Sunday, January 26, 2020

It's not just Trump: The Case for a Weaker American Presidency


                    The American presidency is too powerful.  That is what the Senate impeachment trial and the 2020 presidential election should be about.  Instead, masking this deeper constitutional problem is Donald Trump and his personal abuses of power.
            Yet these abuses of power are not simply the product of one errant person, but part of a longer and deeper pattern of congressional delegation and acquiescence of power to the president that needs to be reversed, especially by the next president of the United States.

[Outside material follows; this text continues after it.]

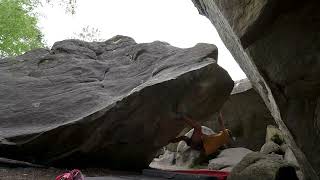 Fontainebleau, Gorge aux Châts, Humérus Clausus (7b)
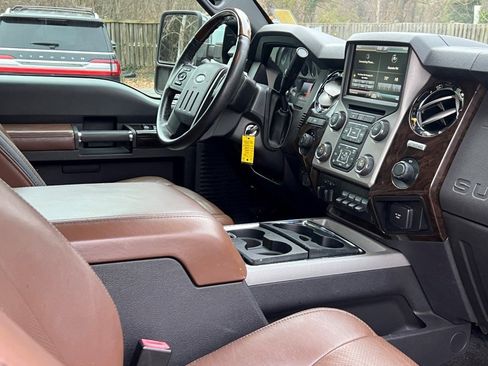 Used 2015 Ford F250 Platinum image 11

            The American Revolution was a product a fear of abuse of executive or royal power. Americans are familiar with the first lines of the opening paragraphs of the Declaration of Independence which begin with “When in the course of human events” and “We hold these truths to be self-evident.”  But the second half of the Declaration is a bill of particulars against the excesses and abuses of power British King George III inflicted upon the colonies.  They included his refusal to “Assent to Laws,” and “obstructed the Administration of Justice.” Our independence and revolt against the king were a continuation of a centuries long battle between parliamentary supremacy and monarchical authority that begin in 1215 with the Magna Charta. 
            So great was the fear of executive authority that in America’s first constitution, the Articles of Confederation, presidential power was vastly limited by a Congress that chose him.  In adopting our present constitution in 1787, while some such as Alexander Hamilton urged for a very powerful presidency, most of the framers sought to limit this office through narrowly defined powers, impeachment, and the concepts of checks and balances and separation of powers. Constitutional framer Charles Pinkey feared giving the president too much military power would “render the Executive a monarchy.” Edmund Randolph feared similar monarchical tendencies in the president if the executive branch were treated as unitary under one person.  James Madison said it had to be clear that the president did not have either legislative or judicial powers.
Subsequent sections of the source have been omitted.